TMA Testimony by James Lukefahr, MD, FAAP
House Appropriations Committee
Submitted on behalf of:
Texas Pediatric Society
Texas Medical Association
Feb. 12, 2019
Chair Davis, Vice-Chair Sheffield, and House Appropriations Committee Members,
My name is James Lukefahr, MD, FAAP and I am a Child Abuse Pediatrician in San Antonio testifying on behalf of the Texas Pediatric Society and the Texas Medical Association. Thank you for the opportunity to provide testimony and recommendations on Article II of the budget as currently proposed by the House. My testimony today will focus on enhancements to two existing Department of State Health Services (DSHS) programs that aim to address and prevent child abuse, neglect, and fatality in Texas.
Increase funding for the Medical Child Abuse Resource and Education System (MEDCARES) Grant Program to continue to improve assessment, diagnosis, prevention, and treatment of child abuse and neglect. The MEDCARES Grant Program was established in the 81st Legislative Session to improve assessment, diagnosis, treatment, and prevention of child abuse and neglect in hospital or academic care settings. The program is currently supported by $5 million each biennium in allocated state funds and $540,000 through the Title V Maternal and Child Care Block Grant.[i] DSHS contracts with 11 grant recipients across the state that provide a variety of services including inpatient and outpatient care, case reviews, trainings, parent education, court appearances and testimony, and accredited fellowships in child abuse pediatrics.[ii]

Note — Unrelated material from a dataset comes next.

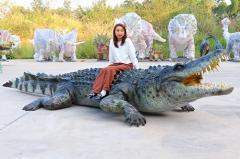 Modelo de paso de dinosaurio de puerta de parque temático jurásico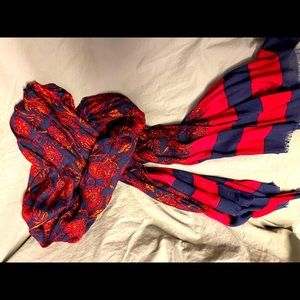 Loft scarf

During the 2017-2018 reporting period, MEDCARES providers examined 3,852 children through inpatient consultations and 25,843 through outpatient consultations. Since the 2015-2016 reporting period, MEDCARES sites have accommodated a 37-pecent increase in outpatient consultation as well as significant increases in educational trainings for community partners, case reviews, and court appearances. MEDCARES sites also expanded clinical hours and increased existing clinic capacity.[iii] These sites rely on MEDCARES grant funding remain viable and keep up with the growing demand for services, yet appropriations for the program have remained flat since 2012.

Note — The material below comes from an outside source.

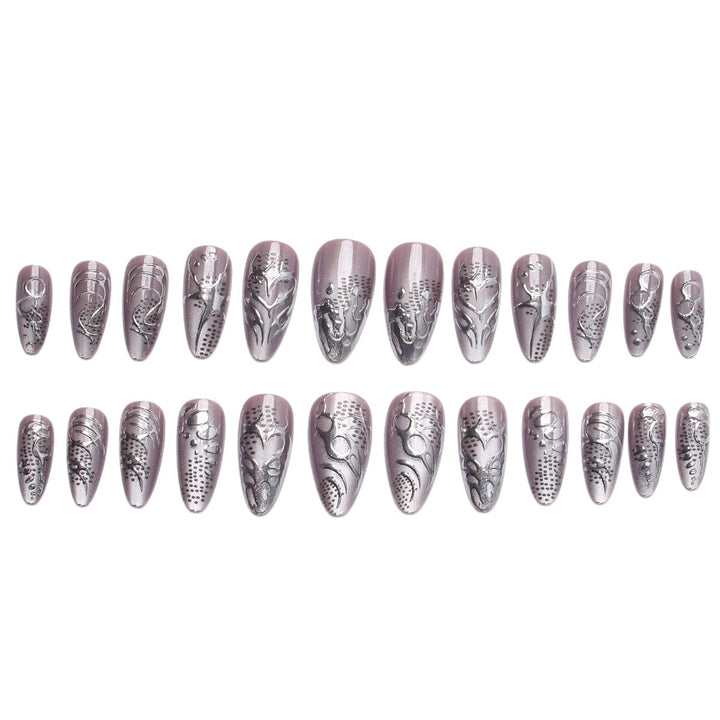 Kunstnagelset mit extravaganten 3D-Designs und glamourösen Verzierungen Karnz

A $2 million increase over the 2020-21 biennium would enable sites to provide more direct services to children and families. For instance, several sites have begun to explore the feasibility of enhancing consultations through telemedicine. Additionally, in areas of the state where mental health services are sparse, MEDCARES serves as a much-needed support, especially for children who have experienced abuse or other trauma. For instance, the Texas Tech University Health Sciences Center in Lubbock provides evidence-based mental health services for survivors of child maltreatment. [iv] Since its inception, MEDCARES has been successful in expanding services in underserved areas such as El Paso. An increase in MEDCARES funding not only would expand the ability of centers to provide direct services, but also increase capacity through additional child abuse fellowships and recruitment of board-certified physicians and other health professionals to the state.
Invest in Regional Coordinators in each of the 11 DSHS Regions to improve the efficacy and capacity of local Child Fatality Review Teams (CFRTs) to prevent child injury and fatality. Local CFRTs are multidisciplinary groups of expert volunteers that conduct retrospective reviews of child fatalities. All reviews seek to understand whether the child’s death could have been prevented. The State CFRT, comprised of a similar multidisciplinary group, works with local CFRTs to provide a report of aggregate data and recommendations to prevent child fatality and injury across the state.[v] Volunteer members of Local CFRTs participate outside of normal work hours and with little support.[vi]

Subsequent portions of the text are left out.